Problem statement: Look below for the line that contains "파나소닉 Panasonic Lumix", and write out exactly that line and all remaining lines of the listing, omitting pictures.

Data segment:
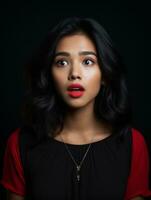 Young woman with Asian features who appears to be schocked AI Generative photo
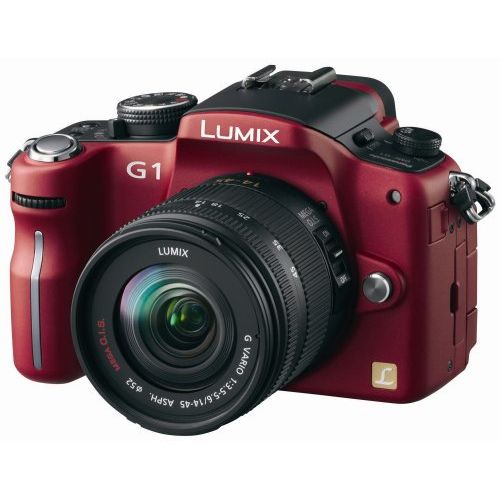 파나소닉 Panasonic Lumix DMC-G1 12.1MP Digital Camera with Lumix G Vario 14-45 mm f/3.5-5.6 ASPH Mega OIS Lens (Red)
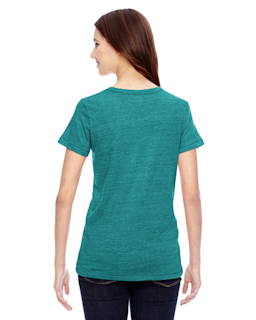Sample of Alternative 01940E1 Ladies' Ideal Eco-Jersey T-Shirt in ECO TR VIRIDIAN from side back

Answer box:
 파나소닉 Panasonic Lumix DMC-G1 12.1MP Digital Camera with Lumix G Vario 14-45 mm f/3.5-5.6 ASPH Mega OIS Lens (Red)
Sample of Alternative 01940E1 Ladies' Ideal Eco-Jersey T-Shirt in ECO TR VIRIDIAN from side back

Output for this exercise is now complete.